Bref une liste à la Prévert qui laisse les mains libres à la police pour écouter à peu près n’importe qui. Par exemple, une manifestation entachée de violence peut être assimilée à « une atteinte à la sécurité nationale » et valoir à ses organisateurs ou à ses participants une mise sur écoute, un service d’ordre assimilé « à un maintien des groupes de combat » et la dénonciation des magouilles du groupe Bolloré en Afrique à une atteinte « au potentiel économique de la France ».
Il n’y a qu’à se servir pour trouver le bon prétexte et, en général, la Justice, bonne pomme, n’est pas trop regardante et suit sans broncher. Et bien souvent « les services » écoutent comme bon leur chante, sans se soucier d’en référer à quiconque.
Des écoutes qui vont bon train
C’est pourquoi les écoutes téléphoniques et les géo-localisations à partir de portables, qui ont succédé à l’espionnage des lignes fixes, continuent d’aller bon train. Selon la Commission nationale de contrôle des techniques de renseignement (CNCTR), un organisme indépendant qui n’enregistre bien sûr que les écoutes « légales » que lui transmettent les services de renseignement et qui ne va pas chercher beaucoup plus loin, en 2020 près de 22 000 personnes avaient fait l’objet d’au moins une mesure de surveillance en France.
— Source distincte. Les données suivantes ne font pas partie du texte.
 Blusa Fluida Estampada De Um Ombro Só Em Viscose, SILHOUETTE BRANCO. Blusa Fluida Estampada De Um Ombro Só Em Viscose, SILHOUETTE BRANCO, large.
Selon d’autres chiffres plus anciens, entre l’été 2011 et l’été 2012, le groupement interministériel de contrôle (GIC) avait traité près de 197 000 demandes de surveillance électronique (y compris Internet), « la sécurité nationale » étant invoquée dans 70 % des cas. Ce qui veut dire en moyenne plus de 500 par jour.
En outre, tous les opérateurs téléphoniques sont tenus de collaborer avec les services de l’État pour mener à bien ces écoutes. Ainsi, au sein du groupe Orange, entre 150 et 200 salariés à temps plein sont entièrement mobilisés pour intercepter les lignes téléphoniques et analyser environ 15 000 factures détaillées mensuelles de communications (fadettes) pour le compte de la police.
Ce qui signifie concrètement que chaque année dans ce pays plusieurs milliers de personnes sont écoutées pour le compte des services de police ou de nos gouvernants, tous placés sous l’égide du président de la République.
Et que Macron se retrouve finalement écouté à son tour n’est qu’un juste retour des choses.